Hard to disagree. But what is the nationalist position on health care? Richard Spencer at argues the current multicultural America precludes implementing a rational health care policy. He says just impose a single payer system and be done with it.

[W]e can’t ignore the politics of this. If Trumpcare passes, leftists can credibly claim that Trump has betrayed his populist vision. They will recycle the hoary script about nationalism and “scapegoating” immigrants as a means of pushing through a draconian agenda. And they’ll have a point! This is the script they’ve used for decades, and it’s astonishing how the House Republicans seem determined to fit the caricature.

Like the Satsuma Rebellion, it’s time for supporters of the Emperor to rise against him in his name. And it is time for the Alt-Right to push for a “public option”—the single-payer system that Obama’s didn’t have the balls to implement.

[Why Trump Must Champion Universal HealthcareMarch 23, 2017]

But even in largely homogeneous countries, nationalist governments have taken the lead on implementing these policies. Take the patriotic government of Poland, which has outflanked the Left and strengthened its grip on power with universal health care. (Ignore the effeminate name-calling and squealing from the source.)

[D]espite the barrage of critical opinions from the western world, which Poles have historically aspired to, PiS [Law and Justice] remains the most popular party in Poland, currently polling at 38%, which is higher than the combined support of all other parliamentary parties put together. There are several reasons for this, revealing dynamics observable not only in the wider eastern European region, but further west as well.

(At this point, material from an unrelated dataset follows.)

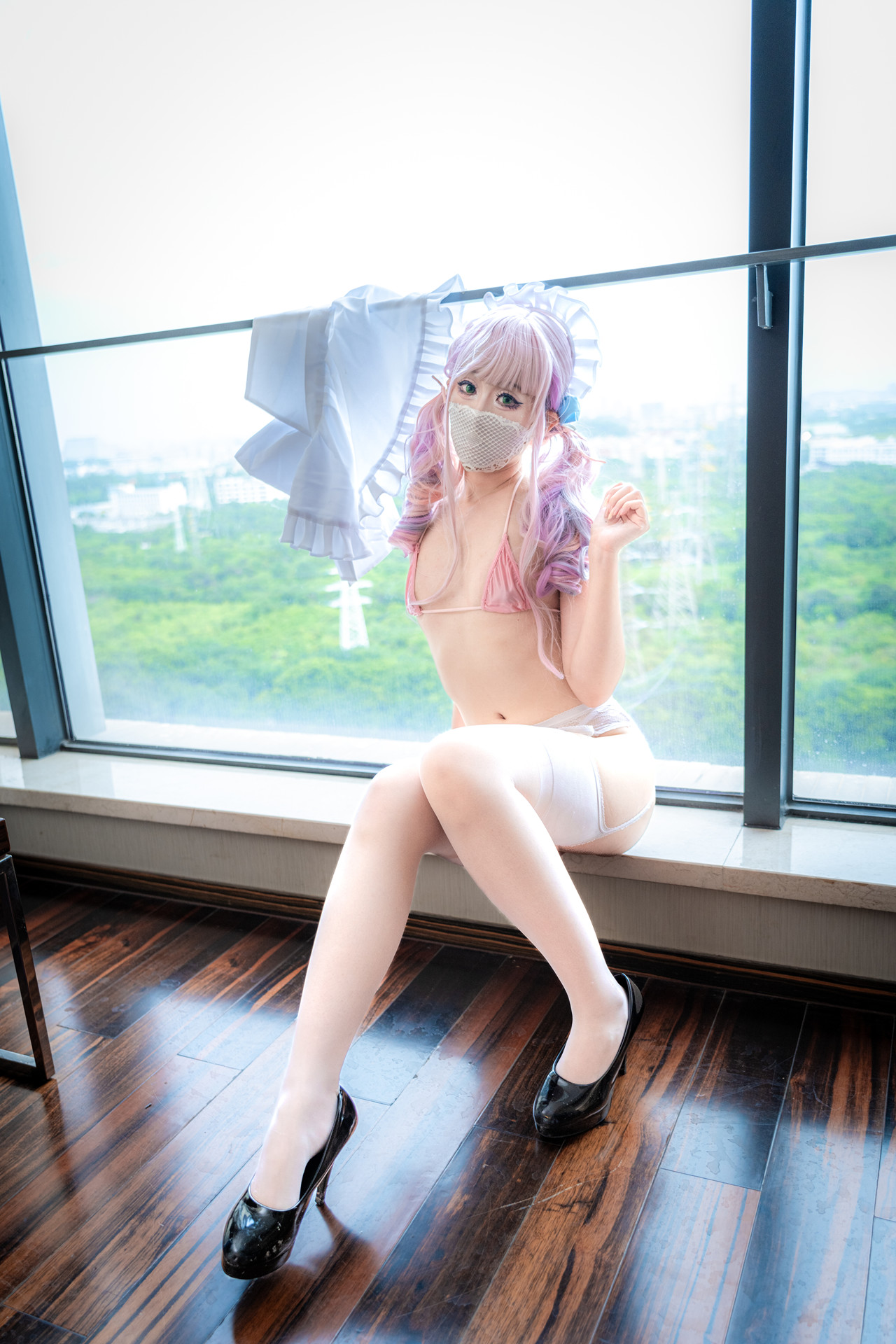 茶籽ccz, ヌード写真集 「D座女仆色色」 Set.01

While PiS is strongly rightwing on social issues, its economic approach can be described as leftist. It emphasises the need to tackle inequality and propagates strong welfare policies. It introduced unconditional monthly cash payments equivalent to £100 for all parents who have more than one child towards the upkeep of each subsequent child until he or she is 18. So if you have three children, you get £200 per month and so forth. For parents with one child, the payment is conditional on low income.

No previous government ever embarked on such a generous social programme. PiS’s approach puts many Polish leftists in a bind. On the one hand, they deplore the party’s unashamedly xenophobic rhetoric; on the other, they like its economic views, especially in comparison to the main opposition parties, Civic Platform and Nowoczesna, both dominated by folk still enamoured with Hayek. In effect, some on Poland’s left are not as mobilised against PiS as they could be.

[Xenophobic, authoritarian and generous on welfare: how Poland's right rulesby Remi Adekoya, The Guardian, October 25, 2016]

Donald Trump needs to deliver for his base of white, working class voters. Cutting taxes for the rich, which is what Ryancare (which will inevitably be called Trumpcare) essentially is, is not the way to do it. Doing literally nothing is a better idea than what the GOP is doing now.

As we said here months ago, if Trump tries to govern as a "normal" Republican when his enemies are baying for his blood, he'll meet with Nixon's fate.  It's time to think outside the Beltway Right box and become the true nationalist leader his supporters hoped he would be.